● **Brief**:
Once the line with "TRISCAN 8310 29039" is found in the entries below, print it and each following line exactly, stopping after the line with "Laisse pour chien | Liberty Rope™"; print nothing else.

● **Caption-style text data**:
◆ ◆ ◆

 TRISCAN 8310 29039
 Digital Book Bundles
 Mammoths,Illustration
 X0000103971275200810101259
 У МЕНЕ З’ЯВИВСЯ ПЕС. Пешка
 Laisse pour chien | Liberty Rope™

◆ ◆ ◆

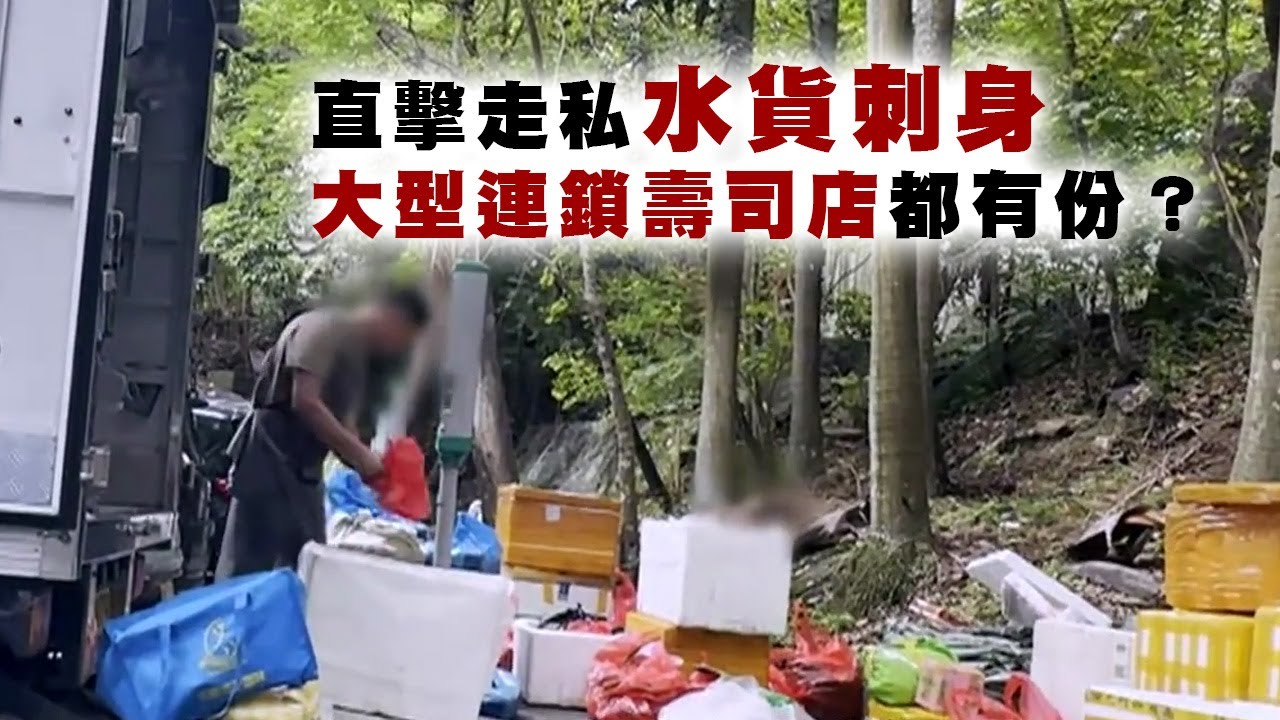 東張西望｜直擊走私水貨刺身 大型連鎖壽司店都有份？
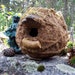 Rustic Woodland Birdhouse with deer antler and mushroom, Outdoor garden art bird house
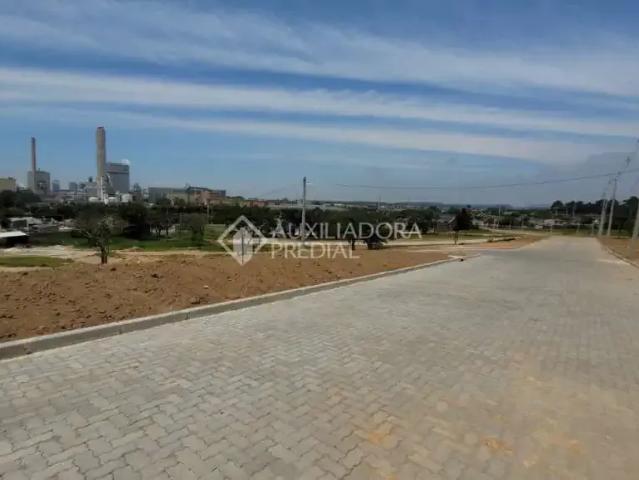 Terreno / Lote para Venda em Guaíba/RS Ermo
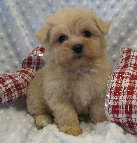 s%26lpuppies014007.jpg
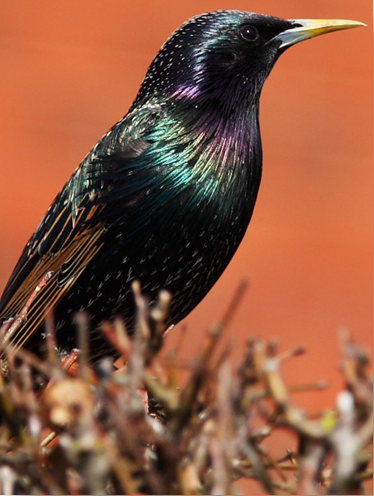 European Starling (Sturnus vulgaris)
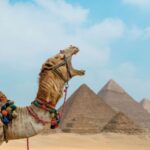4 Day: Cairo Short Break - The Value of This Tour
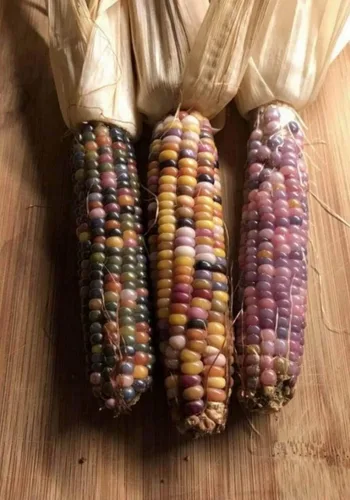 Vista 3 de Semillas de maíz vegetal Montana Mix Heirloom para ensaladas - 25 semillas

◆ ◆ ◆

● **Result for this exercise**:
 TRISCAN 8310 29039
 Digital Book Bundles
 Mammoths,Illustration
 X0000103971275200810101259
 У МЕНЕ З’ЯВИВСЯ ПЕС. Пешка
 Laisse pour chien | Liberty Rope™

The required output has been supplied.